A critical aspect of GMAT Test Prep is the study of Geometry – especially of areas where you might be rusty or very unfamiliar. For me when I was studying for the GMAT, one area where I was very rusty was the study of diagonals. Watch the video below to learn more; we also include the transcript for your convenience.
GMAT Test Prep: 3D Diagonal Review [Transcript]
Please pause this video and answer the question before continuing with GMAT Prep Geometry. Now in this question, we want to find the distance between points A and B. We will solve this question using two different approaches. For the first solution, let’s begin by looking inside the box to get a better idea of what the question is asking. So we want to find the length of AB. We’re going to find this length in two steps.

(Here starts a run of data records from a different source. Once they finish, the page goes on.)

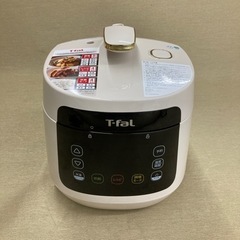 HJ288【中古】T-fal 家庭用圧力なべ  CY352AJP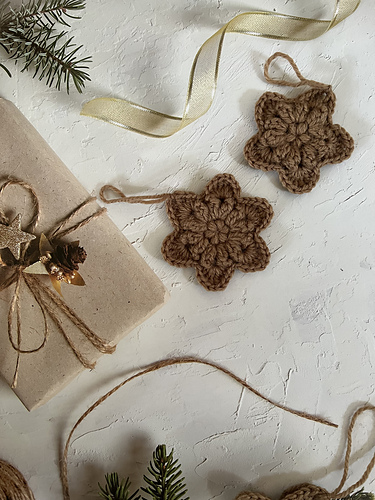 Ravelry: Rustic Star Motif pattern by The Crochet Fix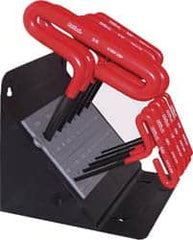 Eklind - 10 Piece T-Handle Hex Key Set - Exact Tooling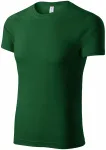 T-shirt de poids plus élevé, bouteille verte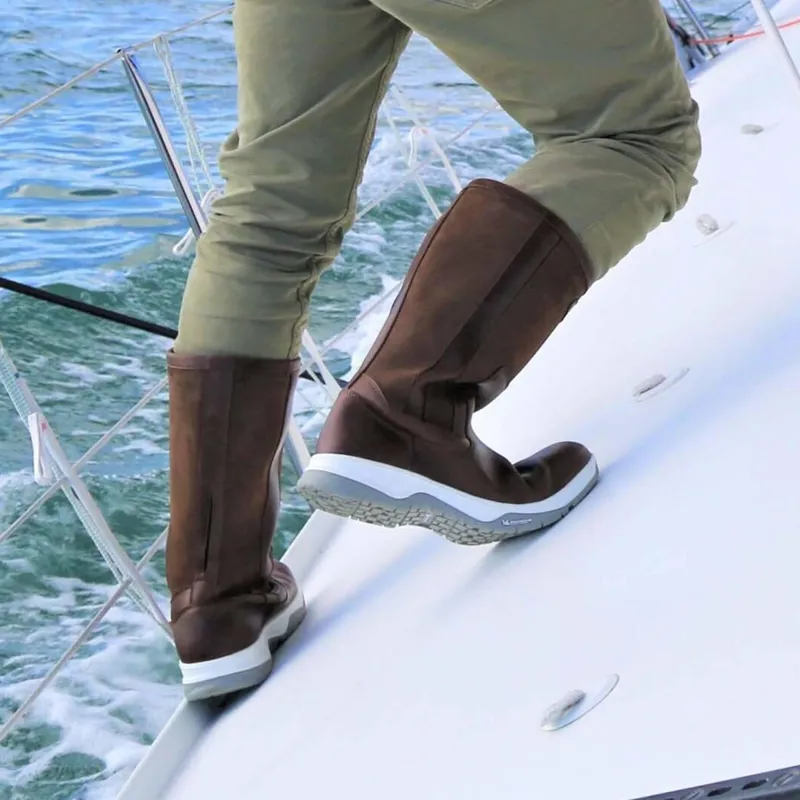 Le Chameau Men's Pontus Homme Boots - Caramel-4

First, we will find the length of this diagonal along the base of the box, and then we will combine this line segment with the height of the box and the line segment AB to create a right triangle. At this point, we will be able to find the length of AB. So, let’s begin with this diagonal along the base of the box. Notice that we have a right triangle here. So if we take a closer look at this triangle, we can see that we have the lengths of two sides and we want to find the length of the hypotenuse.
To find this length, we could apply the Pythagorean theorem, or we could recognize that this triangle is a multiple of the three, four, five triangle we examined in an earlier lesson. Since the purple triangle is twice as large as the three, four, five triangle, the hypotenuse here must be 10. Now when we add this information to our diagram, we can see that we have completed the first step in this solution. At this point, we will highlight the height of the rectangle and recognize that these two sides meet at a 90 degree angle. So when we add the line segment AB, we can see that we have a right triangle and side AB is the hypotenuse of that triangle. Let’s call side AB, X and then take a closer look at this triangle over here.
Now, before we apply the Pythagorean theorem to find the value of X, we should take a moment to determine whether this triangle is a multiple of one of our Pythagorean triples in order to save some time. Now since this is not a multiple, we will apply the Pythagorean theorem. So we will first plug in the lengths of the two legs and the hypotenuse. Then we will evaluate 10 squared and 7 squared and add these two values. If X squared is equal to 149, then X must equal the square root of 149, which means the answer here is D.
Okay, now let’s look at a nice formula that handles these types of three dimensional diagonals. It goes like this. If we have a rectangular box with dimensions W, X and Y, then the distance from point A to point B is equal to the square root of the sum of the squares of the dimensions. So in this particular example, the length of AB is equal to the square root of eight squared, plus six squared, plus seven squared. When we evaluate and simplify this, we get the square root of 149. So the answer is still D.